Clinton Urges Food Aid for Welfare-to-Work Families

Share
From Associated Press

President Clinton said Saturday that low-income working families making the transition from welfare should temporarily receive additional food stamps to help cope with “what can be a trying time.”

Clinton, in his weekly radio address, said the Agriculture Department this week will act to allow states to provide three-month transitional food stamps for families going from welfare to work.

“Supporting hard-pressed working families is the right policy for America. It’s also a smart thing to do,” Clinton said in an address taped during a trip to Vietnam. “It encourages millions of people to take responsibility, to strengthen their families, as well as our economy.”

Advertisement

Rule changes will make it easier for food-stamp recipients to own a car that is used for work.
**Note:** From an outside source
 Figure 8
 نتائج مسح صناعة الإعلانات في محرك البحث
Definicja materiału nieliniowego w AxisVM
It will also give people six months to report income changes and require states to let working families know whether they are still eligible for food stamps.
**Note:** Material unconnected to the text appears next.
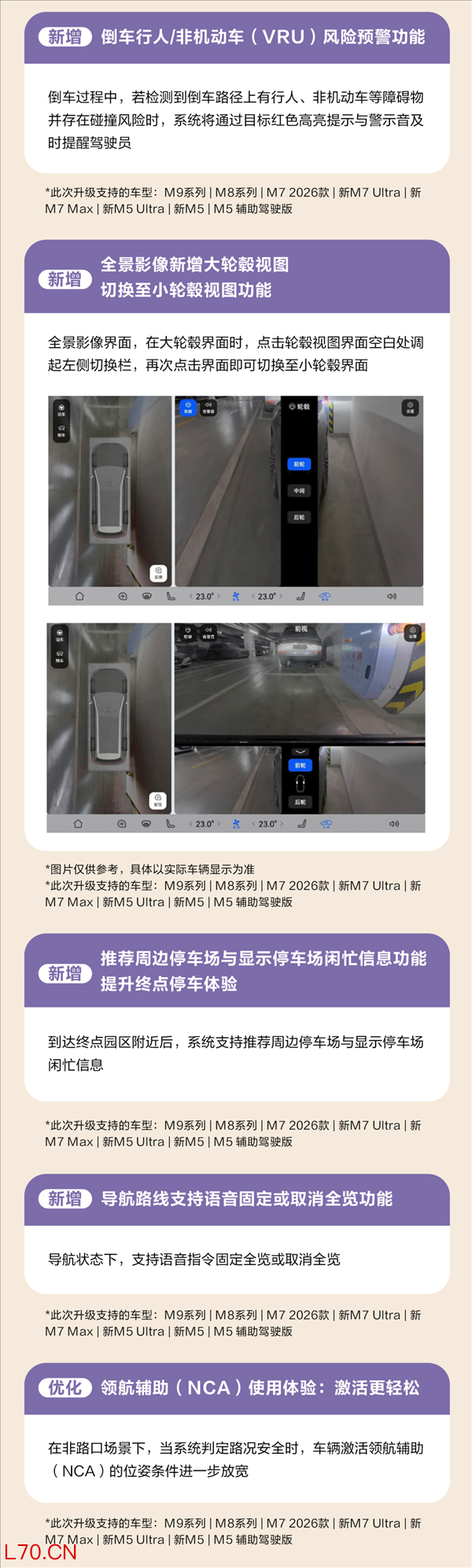 问界5月OTA开启推送：超30项升级 智驾大提升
“If there’s a way to keep the transition seamless, then we should do it,” said Ellen Vollinger of the Food Research and Action Center, who praised Clinton’s action.

She said three months of benefits would make it less likely that families will get into financial trouble and return to welfare.

“This gives new workers stability in what can be a trying time,” Clinton said.

About 62% of households now eligible for food stamps, many of them working families, do not get them, according to the Agriculture Department. Participation rates for eligible families vary widely among states, from a low of 45% in Nevada to 92% in West Virginia.

Experts say many families do not know they are eligible, while others are put off by red tape or the stigma of taking handouts.

“No one who works hard every day should have trouble putting food on the table at night,” Clinton said.

Advertisement

The president also urged Congress to restore food-stamp benefits to legal immigrants and to raise the hourly minimum wage $1.

An estimated 450,000 legal immigrants remain cut off from food stamps as a result of the 1996 welfare reform law.